To dial back a little, this is only part one of Bakemonogatari. Unlike the japanese original, which was split into two volumes, the english release is a three-parter. As a result, this one here only includes the stories "Hitagi Crab" and "Mayoi Snail", but not "Suruga Monkey" like in Japan. To cross-reference the highly popular anime adaptation from 2009-10, this release covers episodes 1 through 5 only. I'll also have to say that, if you've already watched that particular anime adaptation, you can mostly skip reading this book, because unlike with Kizumonogatari (which got a dreadful 3-part movie adaptation), most scenes are copied pretty accurately, despite some liberties the animation studio took with scenery and keeping it visually busy.

However, taken on its own, I enjoyed this first volume. It was a good way to refresh my memory of the series which I watched many years ago, and some things are a little less mindboggling than in the anime, due to giving the reader more introspective sections and time to piece things together without the dramatic visualizations, flashing screens and rapid-fire of dialogue lines. Watching the anime in japanese with english subtitles is certainly entertaining, but can get quite overwhelming with how much information it conveys.

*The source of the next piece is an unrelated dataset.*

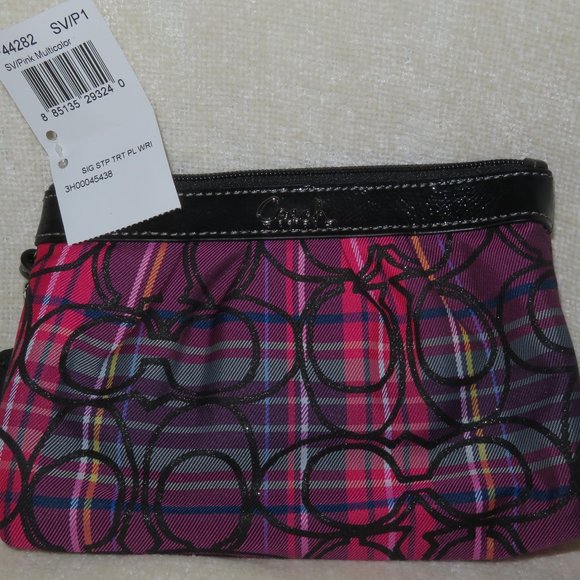 Coach Multi Color Tartan Purple Pink Wristlet - Picture 9 of 11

The book is easier to digest in that regard.
It also helps that the translator tried to localize some wordplay and references to the point where they'd be understandable to an english-speaking audience - there are still a few japanese language-related subjects in here, like the way you could interpret and read certain character combinations and how the meaning of a name can change drastically depending on perspective and circumstance, but I felt it was well-handled here. So kudos to the translating and editing staff at Vertical for the solid job here, as with Kizumonogatari, which frankly wasn't nearly as tough in this way.

Looking at the stories, "Hitagi Crab" explores the traumatic life of Senjougahara Hitagi, who had her "weight" stolen by a Crab a few years earlier and lives an isolated life trying to hide the fact. Araragi happens to find out and offers his help in solving the oddity. Senjougahara is a difficult, sharp-tongued person with more thorns than petals, and her relationship with Araragi borders almost on abusive.
In "Mayoi Snail", Araragi comes across a lost grade schooler on Mother's Day, while he is reluctant to return home himself, and together with Senjougahara they attempt to take the kid to its destination. The child, Hachikuji Mayoi, is funny to read about and offers a neat counterbalance to Hitagi's sharpness.
Both stories are rooted in family-related drama for all involved, straddling the line between comedy and touchy subjects.

Either way, if you expect action, you'll be disappointed. Sorely so. Unlike with Kizumonogatari, where the protagonist Araragi had to fend off three vampire hunters and the vampire Kiss-shot Accerola-Orion Heart-under-Blade, this is a more passive pair of stories that relies much more on dialogue and simple character interaction. In fact, large sections of "Mayoi Snail" take place sitting on a park bench, or walking around looking for a certain address, before returning to the park bench.

The focus is squarely on the dialogue, the banter, the wordplay and tension between the characters. Environments and outside descriptions are mostly absent, unless they directly concern the characters in some way. You'll be unlikely to get lost in the setting, like you could with many western fantasy authors. Instead the author aims to get you into the characters' heads, and develop an understanding of their circumstances. A lot of the dialogue and Araragi's inner monologues aim to elaborate on those points specifically, putting them into various different contexts and deliberating back and forth. And as convoluted as the chatter can be here, the prose itself, the style of the narrative, is very straightforward and often simplistic.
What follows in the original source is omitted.